Poszerzając swoją wiedzę o historii mundiali Szymon doczytywał się do rozmaitych historii. - Moja ulubiona to z angielskim psem Pickles. Przed mundialem 1966 roku w Anglii skradziono z wystawy w muzeum Złotą Nike (było to trofeum przyznawane zwycięzcy mistrzostw do 1970 roku, następnie wręczano Puchar Świata). Anglicy nie wiedzieli co z tym zrobić - na 3 miesiące przed mistrzostwami nie było pucharu. Kilka dni później pies Pickles znalazł puchar zawinięty w gazetę, w żywopłocie i został bohaterem całej Anglii do tego stopnia, że zaproszono go (tak, tego psa!) na bankiet po zdobyciu przez Anglię tytułu mistrzowskiego. Można powiedzieć, że pies uratował Anglikom te mistrzostwa - podzielił się z nami historią Szymon.

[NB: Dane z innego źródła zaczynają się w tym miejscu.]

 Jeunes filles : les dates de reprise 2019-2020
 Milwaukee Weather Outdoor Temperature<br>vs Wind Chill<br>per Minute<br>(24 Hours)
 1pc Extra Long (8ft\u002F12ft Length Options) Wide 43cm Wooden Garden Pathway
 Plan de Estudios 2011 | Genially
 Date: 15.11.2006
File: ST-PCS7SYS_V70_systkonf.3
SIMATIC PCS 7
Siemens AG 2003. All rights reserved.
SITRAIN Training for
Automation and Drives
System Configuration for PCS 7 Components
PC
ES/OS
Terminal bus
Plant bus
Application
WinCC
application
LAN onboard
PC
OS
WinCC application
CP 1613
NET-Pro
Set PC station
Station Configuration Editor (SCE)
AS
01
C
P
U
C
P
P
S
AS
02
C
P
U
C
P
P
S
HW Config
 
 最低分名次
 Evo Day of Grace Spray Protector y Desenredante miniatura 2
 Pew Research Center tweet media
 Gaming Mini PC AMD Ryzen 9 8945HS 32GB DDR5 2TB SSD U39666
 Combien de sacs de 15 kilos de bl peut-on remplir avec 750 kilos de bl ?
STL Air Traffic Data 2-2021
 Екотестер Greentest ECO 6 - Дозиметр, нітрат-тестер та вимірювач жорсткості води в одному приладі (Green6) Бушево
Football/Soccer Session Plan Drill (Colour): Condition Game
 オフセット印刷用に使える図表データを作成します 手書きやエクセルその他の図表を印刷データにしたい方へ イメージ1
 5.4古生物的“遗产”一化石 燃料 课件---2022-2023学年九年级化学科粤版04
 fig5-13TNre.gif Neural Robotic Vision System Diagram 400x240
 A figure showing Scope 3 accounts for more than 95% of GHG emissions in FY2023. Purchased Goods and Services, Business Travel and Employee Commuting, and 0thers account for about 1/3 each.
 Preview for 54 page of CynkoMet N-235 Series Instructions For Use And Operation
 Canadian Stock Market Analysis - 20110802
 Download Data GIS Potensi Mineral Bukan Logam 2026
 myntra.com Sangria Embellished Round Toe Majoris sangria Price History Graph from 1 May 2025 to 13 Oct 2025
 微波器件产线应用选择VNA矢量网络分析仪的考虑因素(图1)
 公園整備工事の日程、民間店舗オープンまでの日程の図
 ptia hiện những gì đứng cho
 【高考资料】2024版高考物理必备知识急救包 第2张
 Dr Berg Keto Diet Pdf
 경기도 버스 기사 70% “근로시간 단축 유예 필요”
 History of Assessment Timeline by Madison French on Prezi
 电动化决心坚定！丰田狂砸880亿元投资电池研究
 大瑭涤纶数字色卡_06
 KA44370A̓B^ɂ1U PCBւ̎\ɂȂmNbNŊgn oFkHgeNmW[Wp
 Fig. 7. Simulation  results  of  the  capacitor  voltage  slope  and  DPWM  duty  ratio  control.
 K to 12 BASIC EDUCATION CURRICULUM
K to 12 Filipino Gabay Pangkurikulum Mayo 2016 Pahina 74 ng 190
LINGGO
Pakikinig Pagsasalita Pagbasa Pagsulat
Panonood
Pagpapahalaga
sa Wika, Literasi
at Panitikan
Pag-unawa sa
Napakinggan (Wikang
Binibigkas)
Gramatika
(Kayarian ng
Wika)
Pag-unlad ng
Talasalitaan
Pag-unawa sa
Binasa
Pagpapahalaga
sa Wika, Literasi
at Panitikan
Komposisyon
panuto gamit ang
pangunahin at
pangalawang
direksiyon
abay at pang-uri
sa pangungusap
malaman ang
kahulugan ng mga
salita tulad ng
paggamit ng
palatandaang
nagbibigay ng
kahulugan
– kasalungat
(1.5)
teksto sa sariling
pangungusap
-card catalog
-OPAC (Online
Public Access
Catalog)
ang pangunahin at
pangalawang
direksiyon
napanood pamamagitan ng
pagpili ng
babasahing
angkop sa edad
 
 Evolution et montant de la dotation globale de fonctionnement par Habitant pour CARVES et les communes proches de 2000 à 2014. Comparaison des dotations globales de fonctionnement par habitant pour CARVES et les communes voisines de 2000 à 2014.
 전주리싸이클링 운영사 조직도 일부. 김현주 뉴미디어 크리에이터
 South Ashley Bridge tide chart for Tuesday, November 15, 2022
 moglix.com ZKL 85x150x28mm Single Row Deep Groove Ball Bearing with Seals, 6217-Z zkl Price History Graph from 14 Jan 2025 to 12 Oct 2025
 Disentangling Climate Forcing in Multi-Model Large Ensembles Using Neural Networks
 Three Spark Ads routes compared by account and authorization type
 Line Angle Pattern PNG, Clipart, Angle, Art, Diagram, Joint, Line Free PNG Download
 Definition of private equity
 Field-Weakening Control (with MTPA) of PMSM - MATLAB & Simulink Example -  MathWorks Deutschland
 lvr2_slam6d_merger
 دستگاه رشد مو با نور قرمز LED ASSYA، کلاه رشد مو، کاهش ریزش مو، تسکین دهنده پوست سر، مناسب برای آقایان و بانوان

"Tworkowik" po raz pierwszy występował na wizji, więc zauważalny był drobny stres. - Wcześniej brałem udział w różnych konkursach, ale pisanie na kartce, a odpowiadanie na żywo to dwie rożne sprawy. W pierwszej części teleturnieju odpowiadaliśmy na 15 pytań ABCD za pomocą pilotów, w drugiej części trzech najlepszych uczestników miało słuchawki na uszach. Kiedy ściszano muzykę była Twoja kolej na odpowiedź - wyciągałeś z koperty pytanie i odpowiadałeś. Było to 6 pytań otwartych - np. który Polak rozegrał najwięcej meczów na mundialu i w jakich to było latach, albo w którym roku wprowadzono żółte i czerwone kartki na mistrzostwach - opowiada Szymon.
Uczestnik podzielił się z nami także wrażeniami „od kuchni” - Wbrew pozorom jest trochę męczące. 25-minutowy odcinek kręciło się ponad 2 godziny. Było dużo dubli - wprowadzenie, odczytywanie pytań, wręczanie nagród, a nawet oklaski widowni były powtarzane, bo reżyser stwierdził, że są zbyt krótkie. Wszystko odbywa się w wirtualnym studio, które jest... zielone. Telewidzowie myślą, że każdy teleturniej odbywa się w innym miejscu, albo chociaż zmieniana jest dekoracja, a tak naprawdę jest to wprowadzane komputerowo. Warto kiedyś zwrócić uwagę, dlaczego żaden uczestnik nie jest ubrany na zielono? Bo na jego ciało nałożyłaby się warstwa ze studia - zdradza tajemnice Szymon.
Poświęcony czas nie był jednak czasem straconym, bo Szymon wygrał pakiet dwuosobowy na półfinał mistrzostw świata w Petersburgu, pieniądze na karcie kredytowej i noclegi w luksusowym hotelu. - Na turniej wybiorę się z tatą. Zawsze chciał pojechać do Rosji i teraz będzie ku temu okazja. Też jest kibicem i śledzi rozgrywki piłkarskie - powiedział Szymon.
Kto wygra tegoroczne mistrzostwa i jak daleko dojdzie reprezentacja Polski? - Jeśli mam wskazać mojego faworyta - to Hiszpania. W europejskich pucharach ich drużyny klubowe zgarniają wszystko - wiedzą jak grać w turniejach. Mam nadzieję, że Polska przywiezie z mundialu medal, obojętnie jakiego koloru. Może kadrowo nie jesteśmy silni jak rywale, ale mamy zgrany zespół, a to jest kluczowe. Najważniejszy będzie pierwszy mecz - stwierdził uczestnik z Tworkowa.